This year’s Hugo Awards trophy was designed by Marina Gelineau.
Masters of Ceromony: Jay Lake and Ken Scholes
Congratulatons to all the nominees and winners!
*Best Novel for Blackout/All Clear by Connie Willis*
Well, the second worst novel on the ballot and the fourth worst book that I read from 2010 has won the Hugo, along with the Nebula. As I expected going into this voting, and clearly people do see real value in the text. I’m not one of them, and have to regard this as a terribly disappointing pick, for a work that I find less well designed than Anasi Boys, probably making the worst Hugo win since Hominids took the medal. As with The Emperor of Mars, I see this as a general tendency towards embracing sentimental, regressive, contrived science fiction over the other kind. A shame that a novel as intricate, ambitious and well written as The Dervish House lost to an exercise in tedious poorly designed historical recreation. Willis taking it over McDonald at this point is something I’d expected for quite awhile now, but it doesn’t make me any happier at this point. A bit dispiriting that a process as corrupt as the Nebulas here echoes the decision of the largest gathering of Hugo voters in its history. More a shame that Willis can make such an over-sprawling account and be lauded by having made the best science fiction novel of the world. Even more unfortunate that the SF community finds it’s measure of greatness in character through Willis’ cutsey well-wishers, its guideline for worldbuilding a haphazard recollection of historians and its model towards the future in a return to the London Blitz.

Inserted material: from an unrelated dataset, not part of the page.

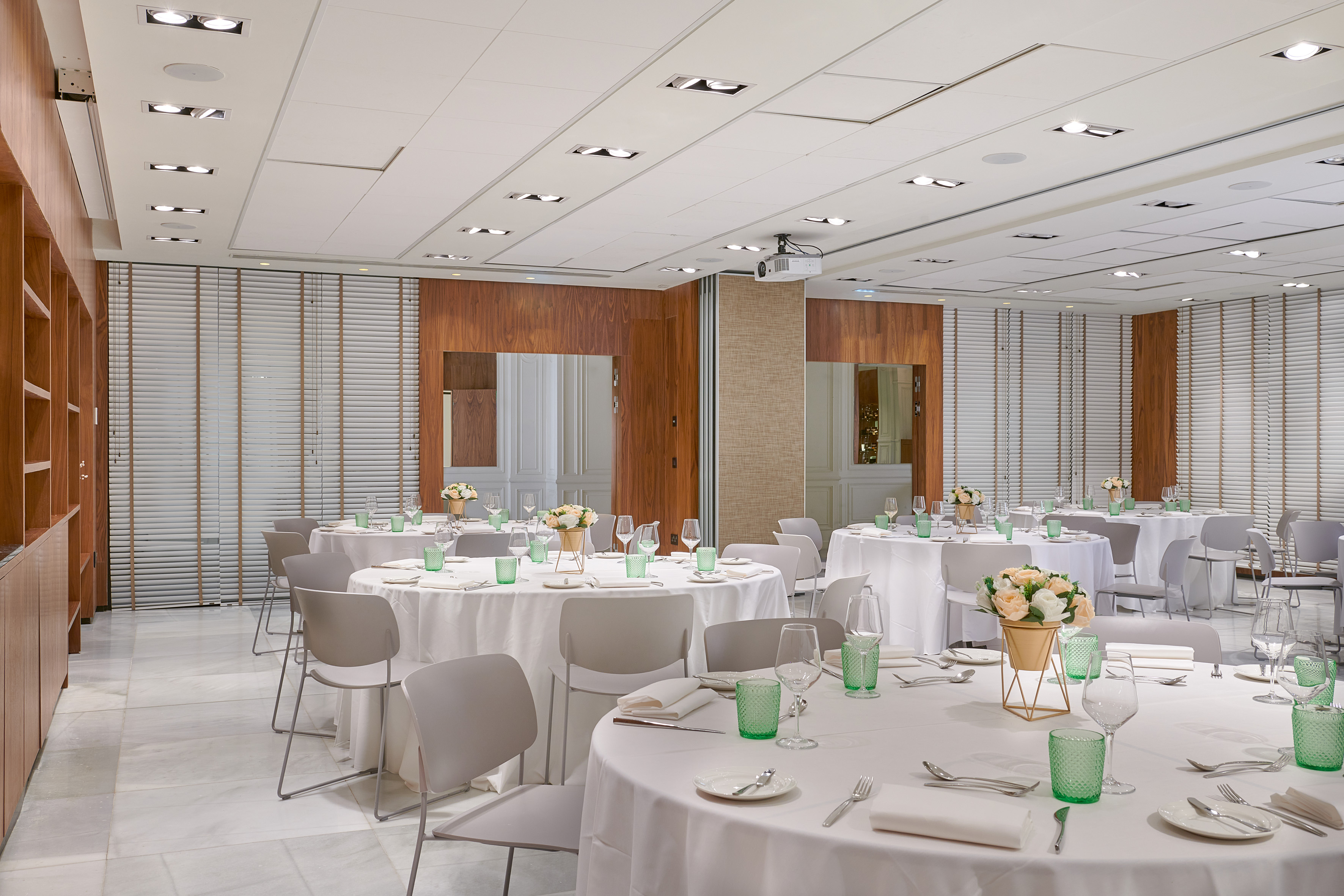Conference room with round tables, white linens, floral decor, projector.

*Best Novella for “The Lifecycle of Software Objects” by Ted Chiang
Thoroughly predictable, but also completely deserved, and a relief to see an actual top-rate writer get the award recognition. This is his fourth piece of short fiction to win a Hugo. This is the type of fiction that should be encouraged–specific, forceful, ambitious while being low key, writing future forms of life in the spaces within which most SF narratives leap.
*Best Novelette for “The Emperor of Mars” by Allen StteleInfuriating, although what I feared in the lead-up to the vote. There was only one worse pick on the ballet and three substantially better, and instead the mass voters went for an unabashed recreation and celebration of all that’s conservative in science fiction writing. This is a story that does not withstand even a minimal amount of thought on it, examined beneath the self-congratulatory aspect it falls apart. This is the first pick of the evening’s ceremony to really get me angry. “The Jagaur House” should have won this in a landslide.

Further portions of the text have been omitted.